A short flight took us to Osh, the mouth of the Fergana Valley. The valley spreads across Kyrgyzstan, Tajikistan and Uzbekistan. Surrounded by Tian Shan Mountain range and watered by Syr Darya River, Fergana Valley is the most fertile part of Central Asia. Osh is the 2nd largest city
in Kyrgyzstan with a medical University attracting students from all over including India. We visited a private school established by Prince Ali Kahn. We were escorted by a 9th grader and visited the 10th grader English class. All students speak fluent English with great mannerism and composure when conversed with us. We were very impressed with this country's future generation. We then ascend the Suleiman-Too Sacred Mountain - it has a museum inside a cave showing the ancient life in Fergana valley. This site is a major Muslim pilgrimage and those who make it to the top will be blessed.

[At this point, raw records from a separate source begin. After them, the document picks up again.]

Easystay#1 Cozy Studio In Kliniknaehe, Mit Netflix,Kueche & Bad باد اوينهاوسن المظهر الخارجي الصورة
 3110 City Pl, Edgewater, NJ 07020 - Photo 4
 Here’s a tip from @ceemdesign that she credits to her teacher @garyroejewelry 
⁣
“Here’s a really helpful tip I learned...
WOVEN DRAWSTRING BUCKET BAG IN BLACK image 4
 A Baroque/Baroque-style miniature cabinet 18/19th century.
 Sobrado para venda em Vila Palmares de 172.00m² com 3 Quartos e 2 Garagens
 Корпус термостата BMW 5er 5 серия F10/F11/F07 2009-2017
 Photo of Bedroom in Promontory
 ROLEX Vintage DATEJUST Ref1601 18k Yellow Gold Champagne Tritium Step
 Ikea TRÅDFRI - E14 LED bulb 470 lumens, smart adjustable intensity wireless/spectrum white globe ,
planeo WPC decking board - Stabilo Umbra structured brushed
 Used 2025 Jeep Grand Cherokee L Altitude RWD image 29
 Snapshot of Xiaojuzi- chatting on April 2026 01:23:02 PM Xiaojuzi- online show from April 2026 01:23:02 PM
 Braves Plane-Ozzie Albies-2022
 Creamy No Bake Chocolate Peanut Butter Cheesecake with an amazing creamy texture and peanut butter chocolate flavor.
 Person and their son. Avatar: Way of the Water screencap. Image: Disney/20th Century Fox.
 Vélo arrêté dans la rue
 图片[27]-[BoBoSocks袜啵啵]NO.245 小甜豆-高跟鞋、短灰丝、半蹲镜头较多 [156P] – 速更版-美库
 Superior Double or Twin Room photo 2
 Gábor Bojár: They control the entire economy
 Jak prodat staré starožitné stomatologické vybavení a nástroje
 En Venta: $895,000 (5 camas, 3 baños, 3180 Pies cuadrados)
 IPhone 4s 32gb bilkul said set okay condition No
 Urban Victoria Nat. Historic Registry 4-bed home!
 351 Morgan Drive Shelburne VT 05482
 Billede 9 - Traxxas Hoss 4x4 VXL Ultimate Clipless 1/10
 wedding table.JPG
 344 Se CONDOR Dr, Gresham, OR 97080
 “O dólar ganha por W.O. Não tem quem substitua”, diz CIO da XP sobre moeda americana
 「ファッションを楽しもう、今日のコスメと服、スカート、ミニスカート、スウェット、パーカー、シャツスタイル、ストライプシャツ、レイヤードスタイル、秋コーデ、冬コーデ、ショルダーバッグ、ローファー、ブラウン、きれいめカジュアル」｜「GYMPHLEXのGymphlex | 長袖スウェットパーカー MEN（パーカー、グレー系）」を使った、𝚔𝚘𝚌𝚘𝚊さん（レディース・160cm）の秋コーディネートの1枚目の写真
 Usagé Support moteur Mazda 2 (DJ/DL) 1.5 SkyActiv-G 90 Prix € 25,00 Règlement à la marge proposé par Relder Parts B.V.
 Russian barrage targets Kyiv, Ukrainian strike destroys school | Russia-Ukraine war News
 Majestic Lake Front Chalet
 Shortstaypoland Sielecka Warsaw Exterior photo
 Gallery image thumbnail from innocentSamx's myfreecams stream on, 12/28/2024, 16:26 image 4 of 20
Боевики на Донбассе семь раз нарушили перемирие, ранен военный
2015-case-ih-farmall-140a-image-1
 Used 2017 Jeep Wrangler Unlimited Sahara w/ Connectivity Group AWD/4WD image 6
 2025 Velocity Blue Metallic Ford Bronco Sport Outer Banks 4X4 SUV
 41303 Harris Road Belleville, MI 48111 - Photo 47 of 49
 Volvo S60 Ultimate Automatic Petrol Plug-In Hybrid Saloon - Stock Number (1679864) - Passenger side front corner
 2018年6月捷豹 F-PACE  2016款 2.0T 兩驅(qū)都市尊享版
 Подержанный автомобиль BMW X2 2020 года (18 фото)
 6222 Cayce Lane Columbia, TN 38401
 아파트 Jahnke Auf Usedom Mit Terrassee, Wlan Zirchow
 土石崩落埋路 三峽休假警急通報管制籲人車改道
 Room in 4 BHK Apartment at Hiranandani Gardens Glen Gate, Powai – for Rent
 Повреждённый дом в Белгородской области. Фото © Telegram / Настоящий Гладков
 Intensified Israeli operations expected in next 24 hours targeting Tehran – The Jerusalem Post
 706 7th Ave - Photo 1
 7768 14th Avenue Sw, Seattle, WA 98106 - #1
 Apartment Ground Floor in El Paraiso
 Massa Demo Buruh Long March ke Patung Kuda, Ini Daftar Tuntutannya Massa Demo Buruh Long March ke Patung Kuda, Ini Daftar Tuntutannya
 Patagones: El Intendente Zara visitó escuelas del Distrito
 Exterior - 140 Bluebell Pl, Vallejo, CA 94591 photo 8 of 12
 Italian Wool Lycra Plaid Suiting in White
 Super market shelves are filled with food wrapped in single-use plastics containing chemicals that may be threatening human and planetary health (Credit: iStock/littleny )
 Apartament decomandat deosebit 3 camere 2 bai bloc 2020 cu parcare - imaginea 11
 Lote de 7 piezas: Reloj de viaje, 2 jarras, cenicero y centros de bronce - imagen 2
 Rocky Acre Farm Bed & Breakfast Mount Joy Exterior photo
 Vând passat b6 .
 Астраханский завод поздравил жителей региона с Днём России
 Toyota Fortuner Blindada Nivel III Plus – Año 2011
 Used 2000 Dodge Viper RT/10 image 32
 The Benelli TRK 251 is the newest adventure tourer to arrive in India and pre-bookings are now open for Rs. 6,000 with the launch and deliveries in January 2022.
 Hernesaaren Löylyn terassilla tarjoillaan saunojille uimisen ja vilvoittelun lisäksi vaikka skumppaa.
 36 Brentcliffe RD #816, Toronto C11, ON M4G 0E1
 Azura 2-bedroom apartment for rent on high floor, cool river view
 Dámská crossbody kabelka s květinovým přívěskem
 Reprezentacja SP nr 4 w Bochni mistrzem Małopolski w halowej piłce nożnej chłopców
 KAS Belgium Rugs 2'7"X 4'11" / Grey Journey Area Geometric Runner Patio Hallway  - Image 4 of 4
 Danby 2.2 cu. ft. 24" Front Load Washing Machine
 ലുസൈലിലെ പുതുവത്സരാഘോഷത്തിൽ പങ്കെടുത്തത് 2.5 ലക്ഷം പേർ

Tajikistan second largest city Khujand was founded by Alexander the Great in 329 BC. Traders from China travelled to this area along the Silk Road in the 1st Century BC already. We finally visited our first bazaar, the pink colored market Panjshanbe is full of vegetables, fruits, spices, clothes and shoes. The watermelon and pomegranate were my favorites, they were not only huge, they also tasted very sweet.
Although I had heard about Silk Road back in the elementary school, most of the stories we learned were related with routes in China. Until this trip, we really didn't
have much knowledge about any of these Central Asia countries. What amazed us were how friendly people were toward Americans and how beautifully they preserved their history and arts.